Severe or multiple compression deformities can affect more than just posture. When the upper back curves significantly, the rib cage compresses, and this reduces the space available for your lungs. Research shows that a kyphotic angle greater than 50 degrees correlates with decreased lung capacity. In advanced cases, people feel short of breath during activities that didn’t previously wind them. The compressed torso can also crowd abdominal organs, leading to a sense of early fullness after eating or digestive discomfort.
How Compression Deformities Are Treated
Most compression deformities are managed without surgery. The first priority is pain control, typically with medication and rest during the acute phase. Within a few weeks, physical therapy begins with gentle exercises focused on core stabilization, shoulder blade positioning, and extension movements of the spine. The goal is to strengthen the muscles that support the spine and prevent further rounding. In one documented rehabilitation program, structured exercises started around week three, and the patient was pain-free at 12 months with no recurrence.
Bracing is sometimes used in the early weeks to limit painful motion and encourage the spine to heal in a more upright position. This is usually temporary, lasting roughly four to six weeks depending on how the fracture responds.
Treating the underlying cause matters just as much as managing the fracture itself. If osteoporosis is responsible, bone-strengthening medication and strategies to prevent falls become essential to reduce the risk of additional fractures.

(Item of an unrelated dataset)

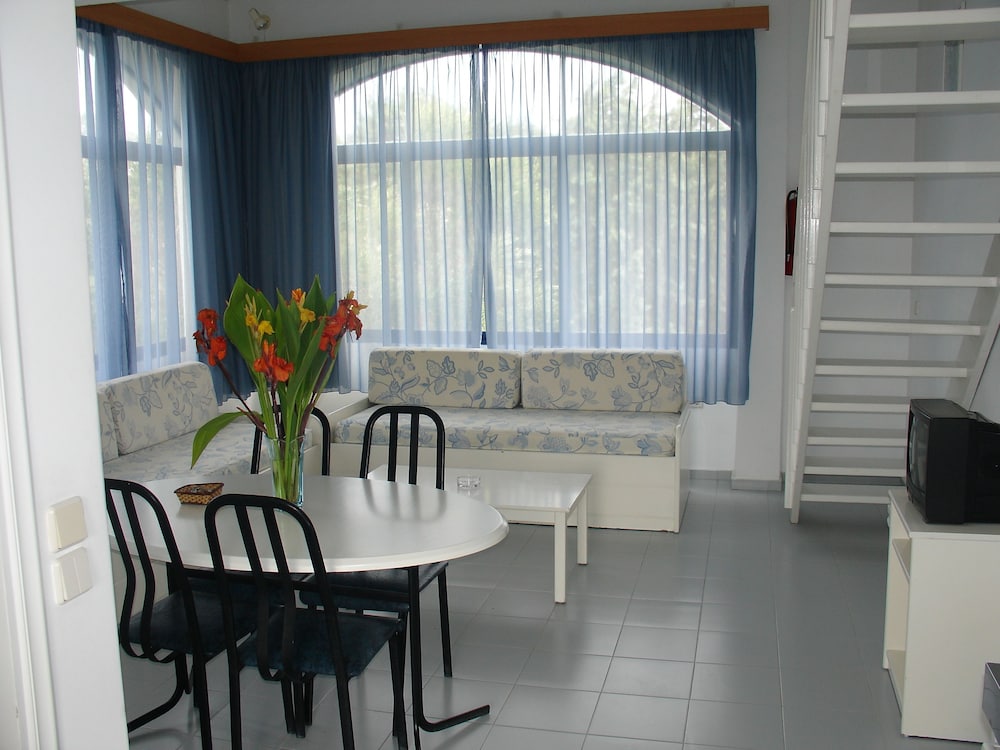 Govino Bay — Hotel rooms in Gouvia, Ionian Islands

When Procedures Are Considered
If pain remains severe despite weeks of conservative care, two minimally invasive procedures can help. In vertebroplasty, bone cement is injected directly into the fractured vertebra to stabilize it. In kyphoplasty, a small balloon is first inflated inside the bone to restore some of the lost height, and then cement is injected into the created space. Both are performed through a small needle puncture in the back, typically under sedation.
Pain relief is comparable between the two: about 87% of vertebroplasty patients and 92% of kyphoplasty patients report meaningful improvement. Kyphoplasty has the added benefit of partially restoring vertebral height and reducing the forward curvature. However, recent multidisciplinary guidelines found that cement procedures were only clearly appropriate in about 5% of scenarios evaluated, specifically when pain scores were high, the fracture was recent, and the fracture pattern was straightforward. Medical management was considered appropriate across all scenarios studied.
Traditional surgery, involving hardware and fusion, is reserved for cases where the spine is unstable or where the collapse is pressing on the spinal cord and causing neurological symptoms like leg weakness or numbness. Instability and nerve compression were the strongest factors driving surgical recommendations in the most recent clinical guidelines.
What a Compression Deformity Means Long Term
A single mild compression deformity that heals well may never cause ongoing problems. The vertebra won’t return to its original shape, but many people adapt fully once the fracture heals and surrounding muscles strengthen. The deformity will still be visible on future imaging, which is why radiologists note it: it helps distinguish an old, healed fracture from a new one.
The bigger concern is what comes next. Having one compression fracture significantly increases the odds of having another, particularly if the underlying bone loss hasn’t been addressed. Multiple compression deformities compound each other, progressively increasing kyphosis, reducing height, and potentially affecting breathing and daily function. Proactive treatment of osteoporosis after the first fracture is one of the most effective ways to prevent that cascade.